The main results obtained so far tackle large parts of the objectives recognized in the outset of the project. In a paper summarizing the data used as a pilot to the project, we found that evidence for the collaborative roots of corruption (Weisel & Shalvi, 2015, PNAS). Specifically, cooperation is essential for completing tasks that individuals cannot accomplish alone. Whereas the benefits of cooperation are clear, little is known about its possible negative aspects. Introducing a novel sequential dyadic die-rolling paradigm, we show that collaborative settings provide fertile ground for the emergence of corruption. In the main experimental treatment the outcomes of the two players are perfectly aligned. Player A privately rolls a die, reports the result to player B, who then privately rolls and reports the result as well. Both players are paid the value of the reports if, and only if, they are identical (e.g., if both report 6, each earns €6). Because rolls are truly private, players can inflate their profit by misreporting the actual outcomes.

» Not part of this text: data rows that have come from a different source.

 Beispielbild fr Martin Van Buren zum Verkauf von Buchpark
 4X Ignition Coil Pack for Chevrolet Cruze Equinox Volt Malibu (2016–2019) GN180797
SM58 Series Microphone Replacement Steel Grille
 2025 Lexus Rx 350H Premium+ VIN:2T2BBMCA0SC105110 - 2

Indeed, the proportion of reported doubles was 489% higher than the expected proportion assuming honesty, 48% higher than when individuals rolled and reported alone, and 96% higher than when lies only benefited the other player. Breaking the alignment in payoffs between player A and player B reduced the extent of brazen lying. Despite player B\'s central role in determining whether a double was reported, modifying the incentive structure of either player A or player B had nearly identical effects on the frequency of reported doubles. Our results highlight the role of collaboration—particularly on equal terms—in shaping corruption. These findings fit a functional perspective on morality. When facing opposing moral sentiments—to be honest vs. to join forces in collaboration—people often opt for engaging in corrupt collaboration.

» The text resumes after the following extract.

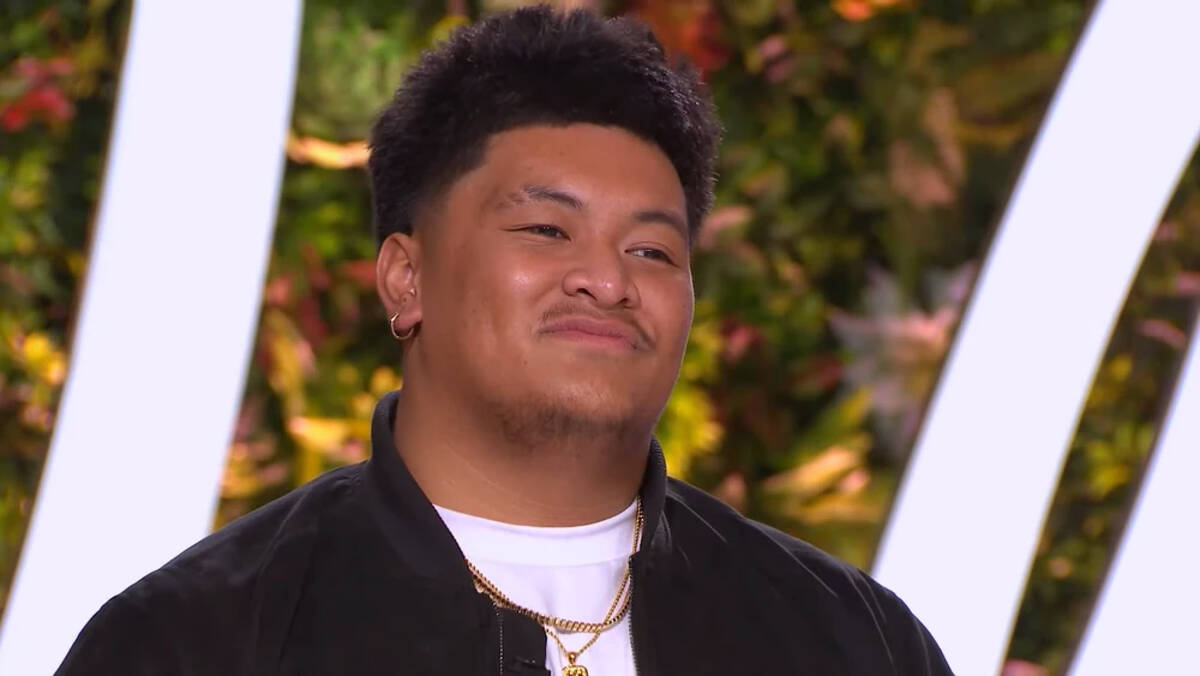 Singer Samoan Silkk performs Saturday at the Silverton. (ABC)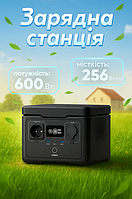 Зарядна станція для дому SOUOP S03plus Портативна зарядна станція для мобільних пристроїв (Портативні електростанції)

More recent findings from our lab revealed that when people experience generosity from another person, they are more likely to bend ethical rules to favor this person in return. This findings is telling when considering how corrupt relations form (Leib, Shalvi, & Moran, working paper). We further used a meta-analytic approach to study people’s intuitive tendency to be honest, or alternatively lie, and find evidence that intuitive lies are common when the entity suffering from the dishonesty is unclear, but intuitive honesty is common when another person is to suffer from one’s lies (Kobis et al., a working paper). We (Gross, Leib, Offerman, & Shalvi, working paper) recently assessed how corrupt groups form. Specifically, we assessed participants likelihood to engage in corrupt collaboration as a function of being able (or not) to choose their interaction partner. This is similar to work-place settings in which employees can choose (or not) whether to be part of a job rotate program. Our results reveal the moral hazards associated with providing people the freedom to choose their partners, as not only dishonest people seek a dishonest partner, many honest people act very similarly.

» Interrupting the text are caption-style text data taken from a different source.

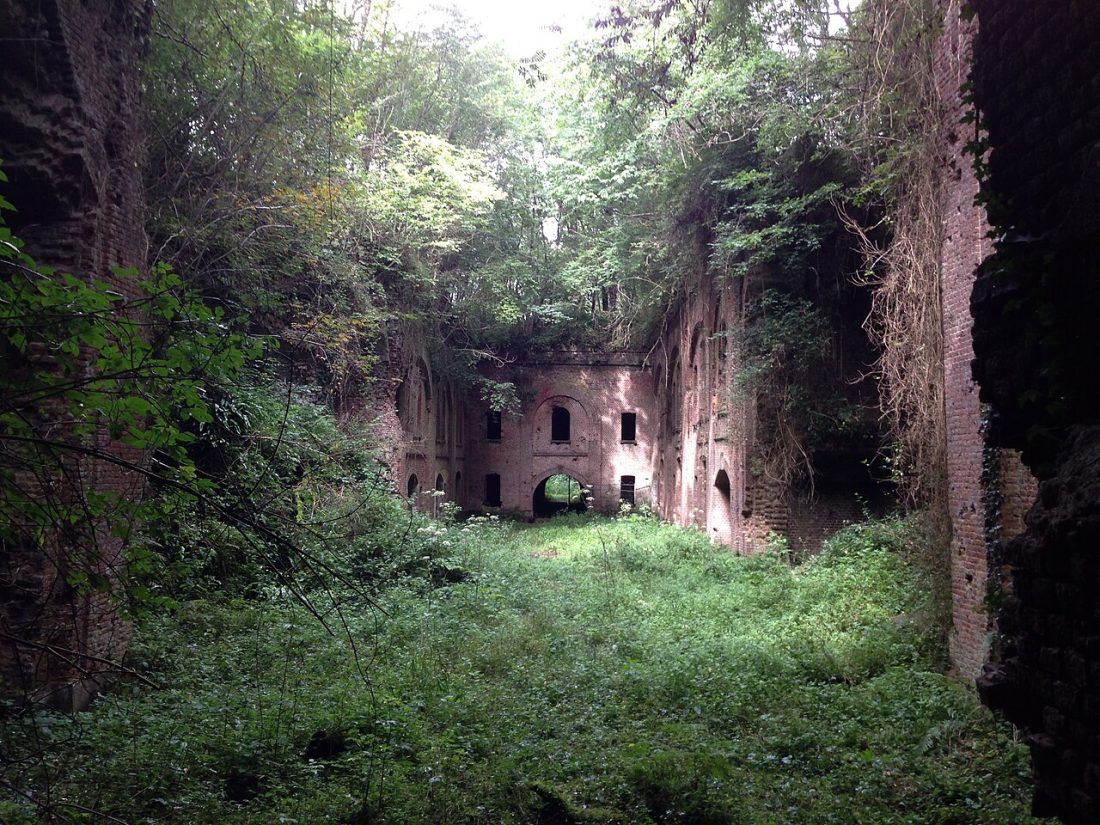Vue de Rousies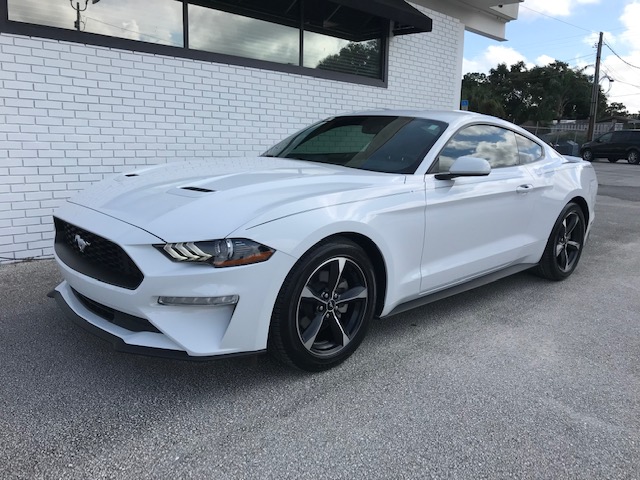 2019 Ford Mustang Ecoboost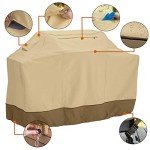 Water-Resistant 58” BBQ Grill Cover - Classic Accessories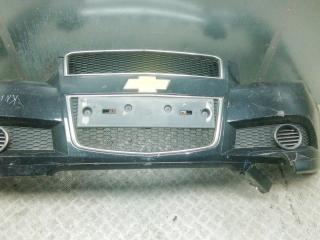 бампер передний Chevrolet Aveo T250 [рестайлинг] 2010, 1.2 л., бензин, МКПП, хетчбэк 5 дв., 96808139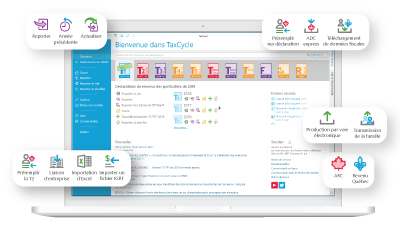 TaxCycle Demonstration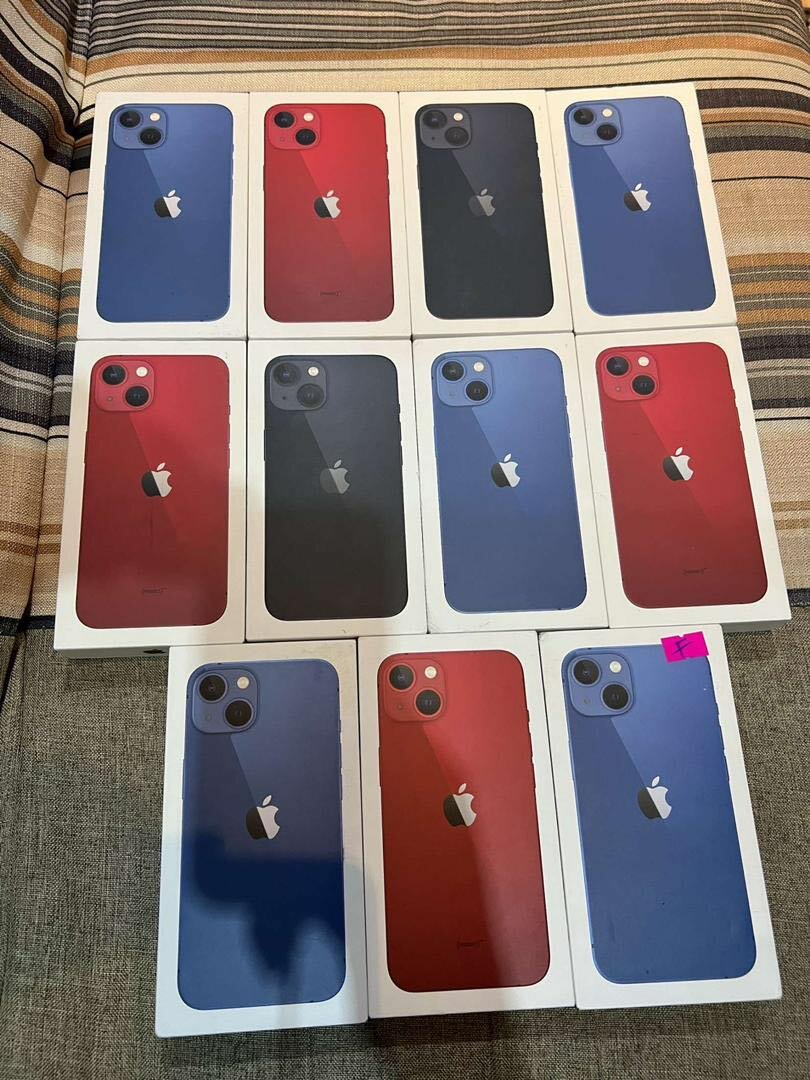 iPhone 13 128gb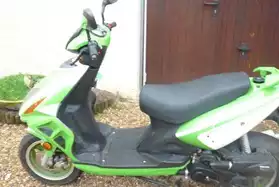scooter REVATO CITYONE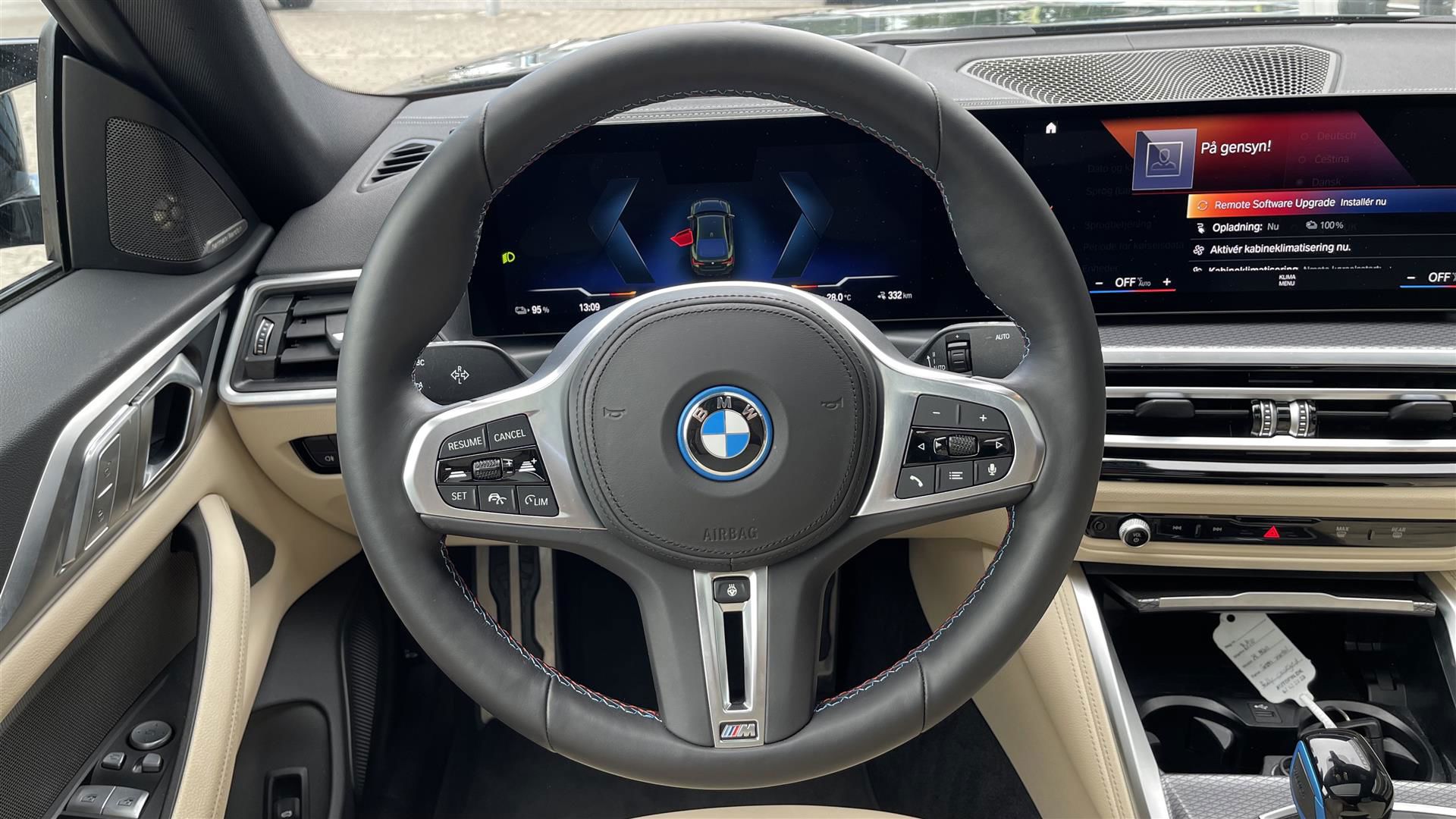 BMW i4 2022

Finally, in a recent publication (Soraperra et al., 2017 Economics Letters) we suggested that people are rather dishonest when working on collaborative tasks. We experimentally study whether this is driven by the collaborative situation or by mere exposure to dishonest norms. In the collaborative treatment, two participants in a pair receive a payoff (equal to the reported outcome) only if both report the same die-roll outcome. In the norm exposure treatment, participants receive the same information regarding their partner’s action as in the collaborative treatment, but receive payoffs based only on their own reports. We find that average dishonesty is similarly high with and without collaboration, but the frequency of dyads in which both players are honest is lower in collaboration than in the norm exposure setting.

Final results

Our team is busy with developing and testing additional theoretical questions related to addressing the objectives defined in the proposal. We anticipate to advance the state of the art in multiple ways, especially in terms of further addressing the development of corrupt groups and our understanding of the moral costs associated with engaging in such behaviors.